James Gaskell (born 20 May 1990) is a rugby union player for Shokki Shuttles in the Top League. He plays as a flanker or lock. After making the debut for Sale in 2008, Gaskell was named the club's Breakthrough Player of the Year for the 2009/10 season. Gaskell was named club captain for the 2010/11 season, making him the youngest captain in the history of the Premiership. He was injured for much of the season, and returned in January 2011. The club's coach changed while Gaskell was injured, and a new captain was appointed.

==Career==
Gaskell was educated at Sandbach School in Cheshire and first played rugby at Sandbach Rugby Club, and graduated from Sale Shark's rugby academy. In November 2008, the club suffered a crisis with 16 members of their 31-man senior squad either injured or unable to play due to international commitments. As a result, Gaskell was one of five academy players drafted into the side to make their Premiership debut in a match against Worcester Warriors. Two months later, Gaskell was named in England Under 20s Elite Squad for the Under 20s Six Nations. He was named Sale's Academy Player of the Year for the 2008/09 season.

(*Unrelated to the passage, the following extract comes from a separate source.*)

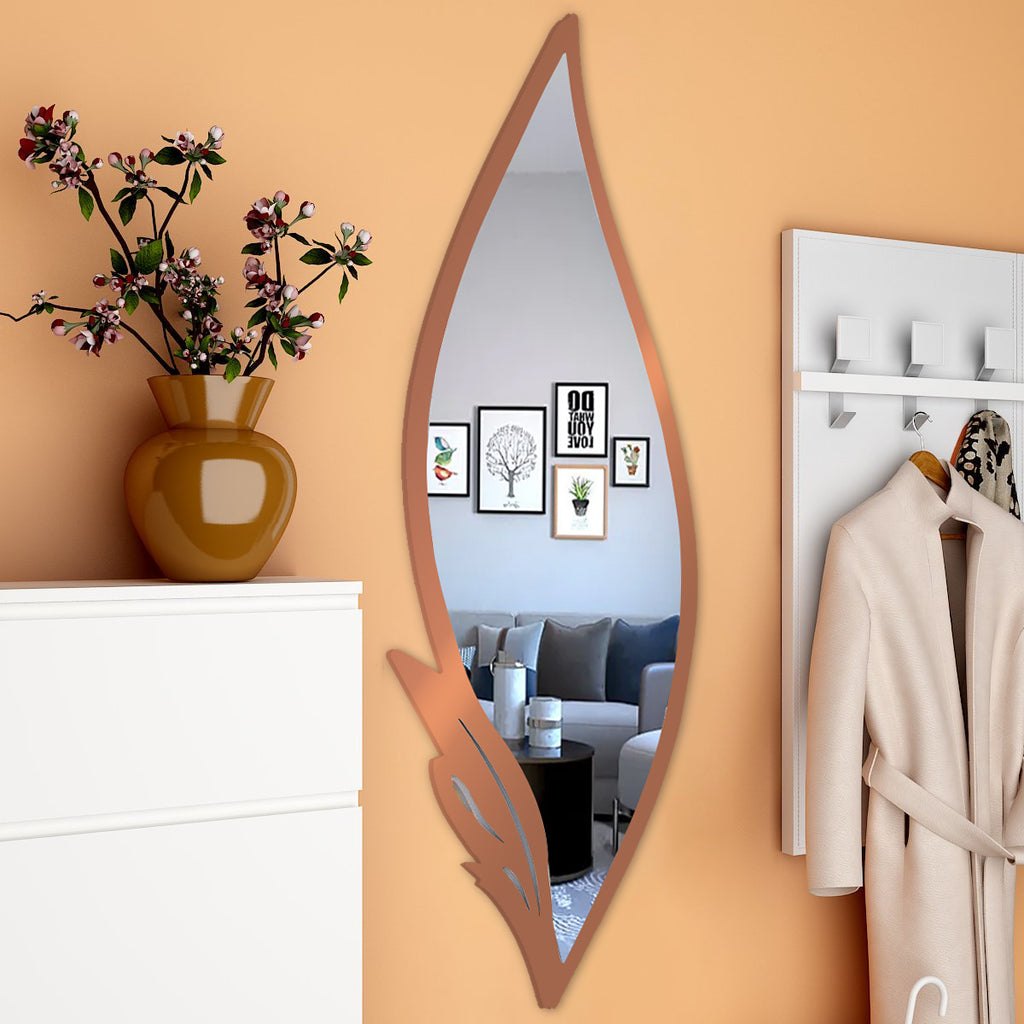 Slender Big Leafs Vanity Mirror with Metallic Copper Finish Frame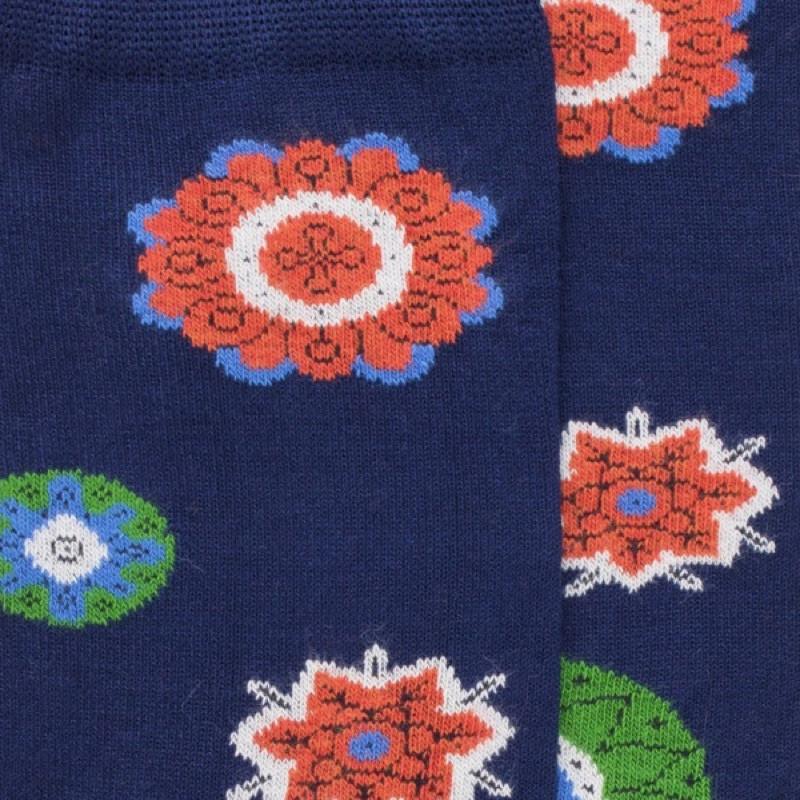 Doré Doré Chaussettes Homme Motif Mandala - Bleu Marine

Gaskell scored his first try for the Sharks in a 27–26 win over Cardiff Blues at Edgley Park in the Heineken Cup on 16 October 2009. He was named Sale's Breakthrough Player of the Year and Player's Player of the Year for the 2009/10 season. Gaskell's try in a 21–16 win over against Harlequins on 1 January 2010 was voted Sale's try of the season. He sprinted over 40 yd after receiving a pass from Neil Briggs to score his third try of the season. Gaskell was also voted Sale's "players' player of the season" for 2009/2010.

Mike Brewer replaced former Sale and England player Jason Robinson as the club's head coach in April 2010 after a season in which Sale narrowly avoided relegation from the Premiership. Brewer instigated a number of changes including signing more than ten new players and a releasing similar number. Announced on 31 August, one such change was the appointment of Gaskell as club captain for the 2010/11 season ahead of Sale's international players such as Charlie Hodgson and Mark Cueto. Brewer explained the decision, saying that "I know it will be a surprise to a lot of people thanks to James' age but, as far as what I'm looking for in a captain which is someone to take the club forward on this journey which we're about to embark on. I see him as a key player in the squad over the next three to five years. The biggest trait I'm looking for in a captain is someone who is prepared to put his body on the line and someone who won't be asking others to do something he's not prepared to do himself. James might be only 20 but I think he's a lot older in terms of his experience and rugby knowledge and I think he'll be a real success for the team and I know the players are right behind him."

At just 20 years and 106 days old, he was the youngest captain in the club's history, and in the history of the Premiership. At the time he had started just ten matches for the club. Early in the season, Gaskell suffered an injury scare in a match against Saracens; it was feared he may have fractured his leg, however he was soon able to return to play for Sale. Less than a month later, in October, Gaskell suffered an injury to his ankle meaning he would be unable to play for 14 to 16 weeks. In Gaskell's absence, Neil Briggs was handed the captaincy for the rest of the season and it was planned that Gaskell would return to the captaincy at the start of the following season.

In January 2011 Gaskell returned from injury, and scored a try in Sale's 28-22 win over Saracens. It was his third try for Sale in twenty matches. During Gaskell's absence Brewer was sacked, Sale having won three of their first nine Premiership matches of the season; Pete Anglesea replaced Brewer as coach and soon after appointed winger Mark Cueto as captain.

On 6 February 2014, Gaskell signed for the Wasps from the 2014–15 season.

On 22 August 2022, it was confirmed that Gaskell had left Wasps to join Top League club, Toyota Industries Shuttles Aichi.

==International career==
Gaskell was selected for the England squad to face the Barbarians in the summer of 2014.